Agence France-Presse
August 8, 2008

LONDON -- Thousands of people in Asia and Europe took part in human
rights protests Friday as China launched the Beijing Olympics with a
dazzling, three-hour opening ceremony.

Demonstrators took to the streets of cities including London,
Brussels, Berlin, Kathmandu, Bangkok and Hong Kong on issues ranging
from the crackdown in Tibet to Beijing's support for the military
junta in Myanmar.

China has painted the Games as a celebration of three decades of
economic reforms and hopes it will showcase a rapidly modernizing country.

But activists across the world are using them to pressure Beijing
over its rule of Tibet and heavily Muslim Xinjiang province, the
arrests of dissidents, censorship and concerns about Chinese foreign policy.

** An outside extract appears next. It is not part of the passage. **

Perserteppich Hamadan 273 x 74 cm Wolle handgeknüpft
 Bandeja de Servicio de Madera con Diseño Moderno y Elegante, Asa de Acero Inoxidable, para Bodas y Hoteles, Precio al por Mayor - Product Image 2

At least 1,000 Tibetans including scores of monks and nuns were
arrested during a protest against Beijing's rule of the Himalayan region.

Demonstrators shouted "Shame shame, Hu Jintao," referring to the
Chinese president, and "Tibet belongs to Tibetans" before being taken
away by police.

"We want to give the millions of people who will watch the opening as
well as the hundreds of athletes taking part the message that there
are no human rights in Tibet," Tibetan student Tashi Tsering, 20,
told AFP in Kathmandu.

In Ankara a protestor tried to set himself alight outside China's
embassy as some 300 Chinese Muslim refugees rallied to denounce human
rights violations in their home region of Xinjiang.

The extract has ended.